One of the world’s leading credit rating agencies has confirmed the Austrian AAA.
US American agency Fitch announced yesterday (Tues) it decided to reaffirm the alpine country’s top credit rating. Fitch also gave a stable outlook on Austria’s economic development.
The Austrian economy strongly depends on tourism, its retail trade – which employs more than half a million people – and the 40,000 Austrian enterprises which engage in export. The value of Austrian products and services sold abroad in 2011 was worth 122.5 billion Euros – a new annual record.
The domestic tourism sector achieves nearly 20 per cent of the gross domestic product (GDP). Austria’s hotels feature 1.1 million beds. Around 28 million overnight stays were registered between November 2011 and January 2012, up by 0.6 per cent compared to the 2010/2011 winter holiday period.
Fitch’s estimation comes shortly after Standard & Poor’s (S&P) decided to downgrade Austria, which joined the European Union (EU) in 1995, by one notch to AA+. Moody’s – which dominates the credit rating business alongside Fitch and S&P – confirmed Austria’s AAA but issued a negative outlook, meaning that the agency is at the ready to downgrade the state’s solvency.
Austrian People’s Party (ÖVP) Finance Minister Maria Fekter claimed Fitch’s decision had to do with the government’s latest budget consolidation package. The finance minister said the rating agency might not have confirmed Austria’s triple-A had her party and the Social Democrats (SPÖ) not decided to create a 26.5-billion-Euro austerity package.

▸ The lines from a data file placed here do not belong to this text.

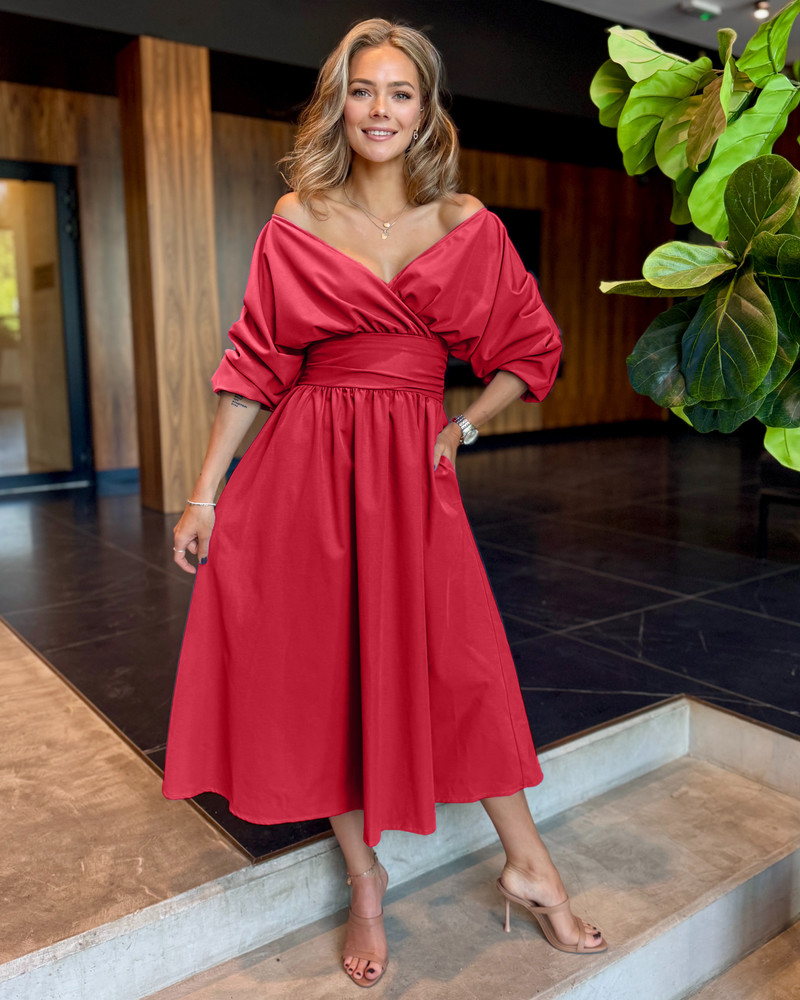 OPERA MIDI DRESS RED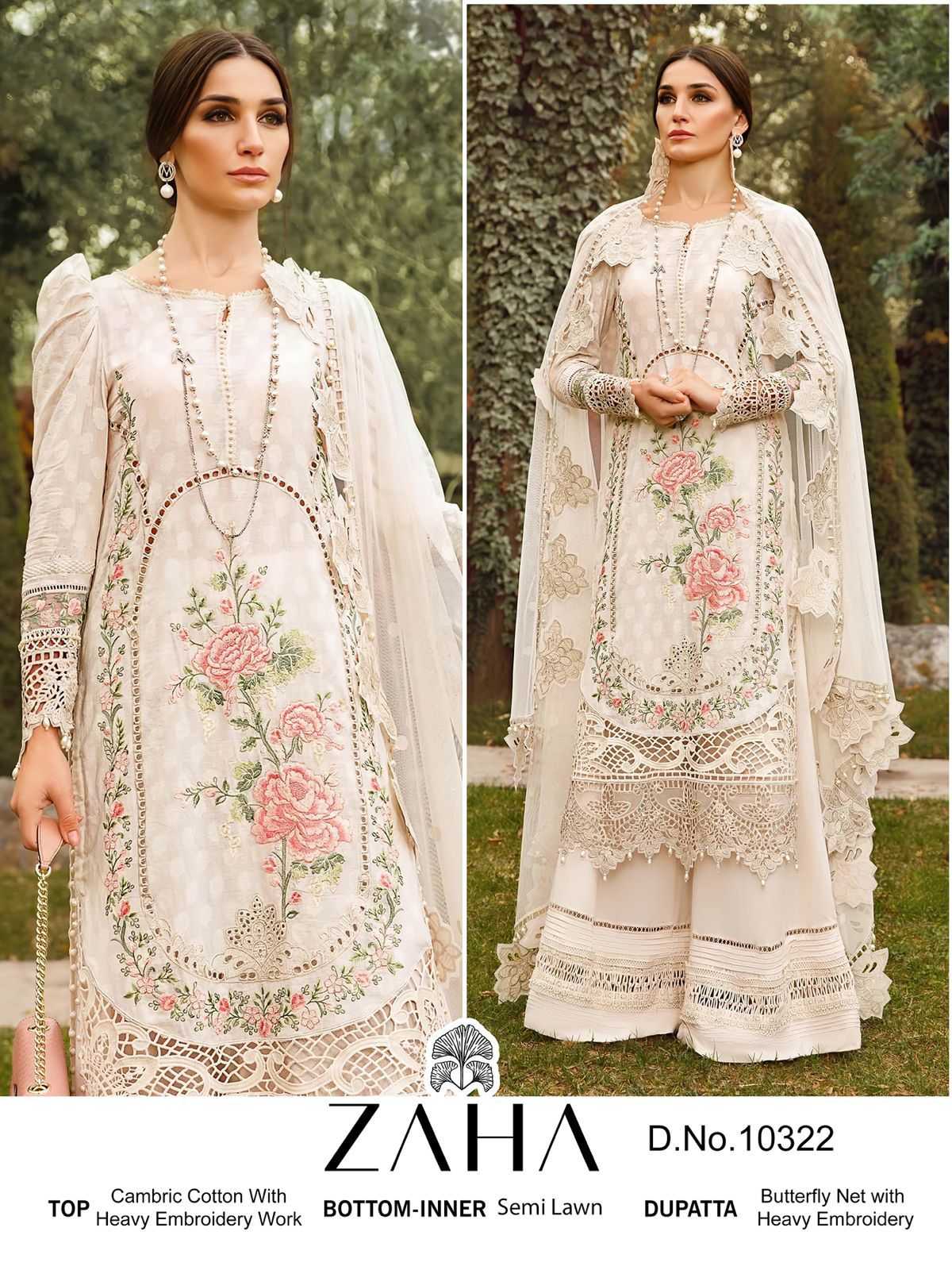 10322 by zaha cotton embroidery work modern pakistani function look kurti pant dupatta 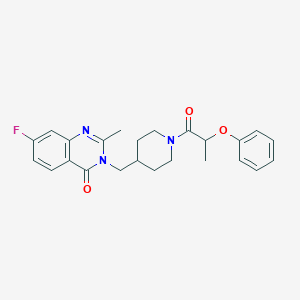 7-Fluoro-2-methyl-3-[[1-(2-phenoxypropanoyl)piperidin-4-yl]methyl]quinazolin-4-one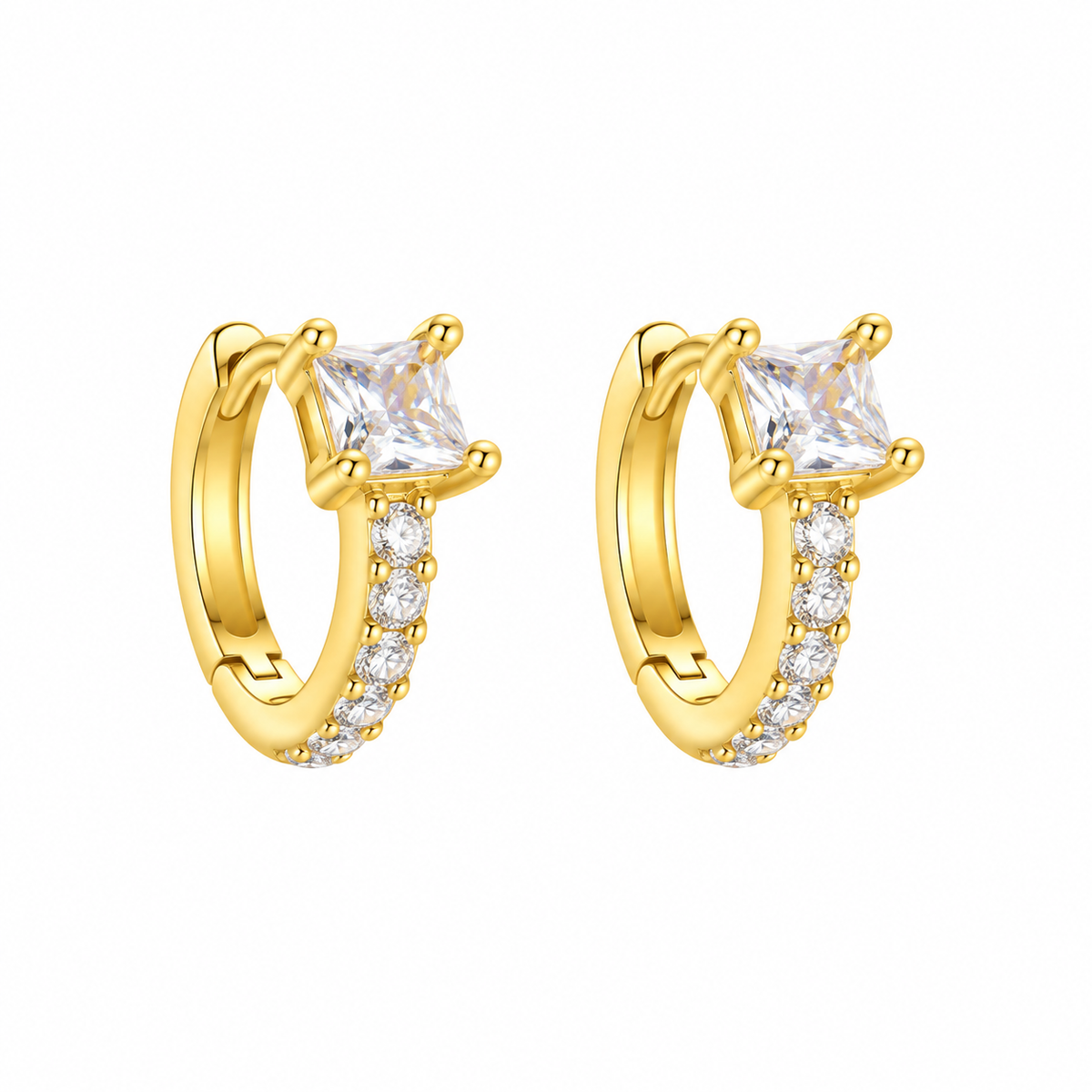 Argollitas Cuadraditos Pavé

SPÖ Chancellor Werner Faymann said Fitch’s move proved that international investors put great trust in Austria. ÖVP Vice Chancellor Michael Spindelegger announced that the country was on track. He praised Austria’s export activities as “excellent” and described the state’s administration as “efficient”.
Especially the latter claim could upset the opposition and independent researchers. The Audit Office (RH) and other organisations have appealed on the SPÖ-ÖVP coalition many times to lower its spending on bureaucracy and administration more significantly. Higher flexibility is needed as well in this regard, according to experts.
A contradictory estimation was recently issued by Viviane Reding, the European commissioner for justice, fundamental rights and citizenship. Speaking to Austrian radio station Ö1, Reding said that the country was “highly respected” for its efficient tax system and public administration.
Reding underlined how grateful she was that Fekter and ÖVP Justice Minister Beatrix Karl agreed to sending experts on administration and bureaucracy to Greece to help the economically challenged country creating functioning taxation mechanisms.
The Federation of Austrian Industries (IV) – which is headed by Veit Sorger – warned the government coalition yesterday from trying to stop the spiralling health and pension sector costs because of Fitch’s AAA confirmation.